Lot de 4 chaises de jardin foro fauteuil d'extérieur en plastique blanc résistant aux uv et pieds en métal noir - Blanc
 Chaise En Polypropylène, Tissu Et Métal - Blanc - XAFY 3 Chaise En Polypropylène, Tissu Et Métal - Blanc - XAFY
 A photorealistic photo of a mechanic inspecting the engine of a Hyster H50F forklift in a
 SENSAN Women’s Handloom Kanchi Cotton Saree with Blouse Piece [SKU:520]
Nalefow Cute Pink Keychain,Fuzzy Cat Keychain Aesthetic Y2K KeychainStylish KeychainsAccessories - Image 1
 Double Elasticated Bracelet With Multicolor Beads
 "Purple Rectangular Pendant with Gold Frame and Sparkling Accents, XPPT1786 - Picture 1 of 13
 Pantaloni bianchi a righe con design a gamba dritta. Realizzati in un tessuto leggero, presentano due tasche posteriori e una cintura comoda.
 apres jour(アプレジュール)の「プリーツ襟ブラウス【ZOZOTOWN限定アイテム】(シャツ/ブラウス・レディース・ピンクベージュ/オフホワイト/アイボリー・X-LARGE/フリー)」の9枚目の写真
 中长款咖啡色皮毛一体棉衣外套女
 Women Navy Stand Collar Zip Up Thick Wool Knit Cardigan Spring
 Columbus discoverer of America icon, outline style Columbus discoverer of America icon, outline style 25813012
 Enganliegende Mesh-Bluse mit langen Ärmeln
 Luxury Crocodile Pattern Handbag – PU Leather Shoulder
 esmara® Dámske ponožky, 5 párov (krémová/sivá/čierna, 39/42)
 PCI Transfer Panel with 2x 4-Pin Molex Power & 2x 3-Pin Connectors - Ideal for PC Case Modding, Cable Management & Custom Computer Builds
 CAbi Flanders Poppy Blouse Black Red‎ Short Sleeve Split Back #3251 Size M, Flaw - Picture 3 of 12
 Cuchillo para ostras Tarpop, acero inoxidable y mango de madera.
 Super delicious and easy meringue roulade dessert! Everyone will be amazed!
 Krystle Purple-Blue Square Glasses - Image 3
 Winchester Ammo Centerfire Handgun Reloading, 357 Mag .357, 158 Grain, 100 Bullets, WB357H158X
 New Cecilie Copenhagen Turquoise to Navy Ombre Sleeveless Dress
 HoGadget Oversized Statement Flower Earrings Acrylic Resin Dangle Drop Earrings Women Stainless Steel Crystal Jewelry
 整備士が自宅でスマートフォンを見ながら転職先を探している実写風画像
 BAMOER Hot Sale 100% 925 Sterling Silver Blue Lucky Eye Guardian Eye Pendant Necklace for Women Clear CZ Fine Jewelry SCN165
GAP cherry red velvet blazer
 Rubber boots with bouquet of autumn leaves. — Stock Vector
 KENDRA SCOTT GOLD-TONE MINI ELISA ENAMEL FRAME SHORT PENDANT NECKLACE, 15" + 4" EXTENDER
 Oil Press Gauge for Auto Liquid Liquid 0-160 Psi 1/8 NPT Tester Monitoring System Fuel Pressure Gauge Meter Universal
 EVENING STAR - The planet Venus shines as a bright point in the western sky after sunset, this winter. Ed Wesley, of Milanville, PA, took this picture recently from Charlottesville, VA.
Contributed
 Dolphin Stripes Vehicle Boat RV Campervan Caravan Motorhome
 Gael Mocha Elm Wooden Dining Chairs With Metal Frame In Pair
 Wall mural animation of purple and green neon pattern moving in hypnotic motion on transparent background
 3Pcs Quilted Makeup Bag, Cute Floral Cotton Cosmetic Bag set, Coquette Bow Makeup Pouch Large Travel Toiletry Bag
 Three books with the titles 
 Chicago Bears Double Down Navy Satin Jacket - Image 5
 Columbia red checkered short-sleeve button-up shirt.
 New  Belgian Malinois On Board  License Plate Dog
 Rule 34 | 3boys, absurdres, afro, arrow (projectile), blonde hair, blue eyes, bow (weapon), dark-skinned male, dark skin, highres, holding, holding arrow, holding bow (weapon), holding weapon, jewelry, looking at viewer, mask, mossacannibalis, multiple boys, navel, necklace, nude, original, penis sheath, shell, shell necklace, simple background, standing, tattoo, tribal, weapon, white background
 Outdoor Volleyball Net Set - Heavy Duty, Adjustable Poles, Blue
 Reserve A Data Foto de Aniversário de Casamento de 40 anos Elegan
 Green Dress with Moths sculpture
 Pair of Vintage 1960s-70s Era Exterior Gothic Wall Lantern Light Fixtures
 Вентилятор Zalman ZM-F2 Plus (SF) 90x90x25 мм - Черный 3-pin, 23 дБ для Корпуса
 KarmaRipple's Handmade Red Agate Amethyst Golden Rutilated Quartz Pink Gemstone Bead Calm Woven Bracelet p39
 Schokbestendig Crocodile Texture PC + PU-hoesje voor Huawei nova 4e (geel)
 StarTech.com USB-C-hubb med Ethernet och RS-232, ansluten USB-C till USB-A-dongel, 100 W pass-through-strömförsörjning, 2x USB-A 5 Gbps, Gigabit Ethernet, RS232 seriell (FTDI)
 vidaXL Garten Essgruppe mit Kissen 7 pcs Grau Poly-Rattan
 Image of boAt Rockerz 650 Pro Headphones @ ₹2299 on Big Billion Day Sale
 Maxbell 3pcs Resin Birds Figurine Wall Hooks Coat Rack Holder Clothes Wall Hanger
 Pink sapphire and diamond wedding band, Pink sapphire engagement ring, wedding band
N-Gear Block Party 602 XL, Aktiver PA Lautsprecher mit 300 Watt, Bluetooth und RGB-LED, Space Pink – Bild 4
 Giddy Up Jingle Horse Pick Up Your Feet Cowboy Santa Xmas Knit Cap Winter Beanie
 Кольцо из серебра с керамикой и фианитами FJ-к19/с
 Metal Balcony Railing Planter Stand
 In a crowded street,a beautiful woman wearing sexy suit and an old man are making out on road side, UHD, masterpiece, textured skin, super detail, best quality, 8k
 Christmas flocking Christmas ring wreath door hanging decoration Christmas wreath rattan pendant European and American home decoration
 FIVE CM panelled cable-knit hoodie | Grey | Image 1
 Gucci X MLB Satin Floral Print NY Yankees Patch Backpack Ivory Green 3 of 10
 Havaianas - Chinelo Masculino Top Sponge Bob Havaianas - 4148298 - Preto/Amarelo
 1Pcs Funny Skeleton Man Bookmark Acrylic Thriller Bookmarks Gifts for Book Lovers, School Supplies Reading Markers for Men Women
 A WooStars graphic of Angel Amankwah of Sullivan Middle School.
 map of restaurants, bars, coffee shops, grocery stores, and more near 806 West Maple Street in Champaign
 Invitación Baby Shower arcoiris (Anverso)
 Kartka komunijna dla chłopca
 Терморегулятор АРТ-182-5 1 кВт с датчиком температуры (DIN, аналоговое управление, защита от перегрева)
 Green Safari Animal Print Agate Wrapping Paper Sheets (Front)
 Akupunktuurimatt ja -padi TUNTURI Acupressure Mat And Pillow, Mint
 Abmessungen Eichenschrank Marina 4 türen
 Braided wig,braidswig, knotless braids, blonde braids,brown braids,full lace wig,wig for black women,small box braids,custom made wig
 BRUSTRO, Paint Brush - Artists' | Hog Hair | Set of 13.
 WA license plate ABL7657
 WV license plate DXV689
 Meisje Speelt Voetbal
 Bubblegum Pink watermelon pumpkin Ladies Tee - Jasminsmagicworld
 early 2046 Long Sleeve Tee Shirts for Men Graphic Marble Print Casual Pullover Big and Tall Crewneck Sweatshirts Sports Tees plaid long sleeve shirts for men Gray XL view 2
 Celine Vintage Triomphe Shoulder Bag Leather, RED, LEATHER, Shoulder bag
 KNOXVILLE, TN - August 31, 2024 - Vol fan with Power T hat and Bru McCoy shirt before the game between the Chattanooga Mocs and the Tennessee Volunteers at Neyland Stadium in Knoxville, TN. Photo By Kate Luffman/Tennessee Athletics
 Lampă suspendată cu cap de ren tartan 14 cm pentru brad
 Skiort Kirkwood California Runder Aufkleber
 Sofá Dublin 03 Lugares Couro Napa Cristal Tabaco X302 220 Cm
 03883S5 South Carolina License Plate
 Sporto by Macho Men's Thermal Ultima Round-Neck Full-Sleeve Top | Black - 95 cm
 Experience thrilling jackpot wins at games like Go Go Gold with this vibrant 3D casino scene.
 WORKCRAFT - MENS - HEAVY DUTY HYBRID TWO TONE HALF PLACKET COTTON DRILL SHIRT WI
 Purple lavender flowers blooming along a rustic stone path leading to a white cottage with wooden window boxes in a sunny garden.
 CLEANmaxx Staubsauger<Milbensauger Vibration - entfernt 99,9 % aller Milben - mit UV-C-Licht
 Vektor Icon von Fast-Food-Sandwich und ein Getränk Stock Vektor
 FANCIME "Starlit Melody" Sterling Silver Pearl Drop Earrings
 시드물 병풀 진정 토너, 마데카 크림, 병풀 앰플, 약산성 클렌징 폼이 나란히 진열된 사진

▬▬▬▬▬▬▬▬▬▬

WHAT TO DO -
In the listing above, find the line with "early 2046 Long" and the line with "Pearl Drop Earrings"; set down exactly those two lines and every line between them, nothing more.

EXERCISE ANSWER -
 early 2046 Long Sleeve Tee Shirts for Men Graphic Marble Print Casual Pullover Big and Tall Crewneck Sweatshirts Sports Tees plaid long sleeve shirts for men Gray XL view 2
 Celine Vintage Triomphe Shoulder Bag Leather, RED, LEATHER, Shoulder bag
 KNOXVILLE, TN - August 31, 2024 - Vol fan with Power T hat and Bru McCoy shirt before the game between the Chattanooga Mocs and the Tennessee Volunteers at Neyland Stadium in Knoxville, TN. Photo By Kate Luffman/Tennessee Athletics
 Lampă suspendată cu cap de ren tartan 14 cm pentru brad
 Skiort Kirkwood California Runder Aufkleber
 Sofá Dublin 03 Lugares Couro Napa Cristal Tabaco X302 220 Cm
 03883S5 South Carolina License Plate
 Sporto by Macho Men's Thermal Ultima Round-Neck Full-Sleeve Top | Black - 95 cm
 Experience thrilling jackpot wins at games like Go Go Gold with this vibrant 3D casino scene.
 WORKCRAFT - MENS - HEAVY DUTY HYBRID TWO TONE HALF PLACKET COTTON DRILL SHIRT WI
 Purple lavender flowers blooming along a rustic stone path leading to a white cottage with wooden window boxes in a sunny garden.
 CLEANmaxx Staubsauger<Milbensauger Vibration - entfernt 99,9 % aller Milben - mit UV-C-Licht
 Vektor Icon von Fast-Food-Sandwich und ein Getränk Stock Vektor
 FANCIME "Starlit Melody" Sterling Silver Pearl Drop Earrings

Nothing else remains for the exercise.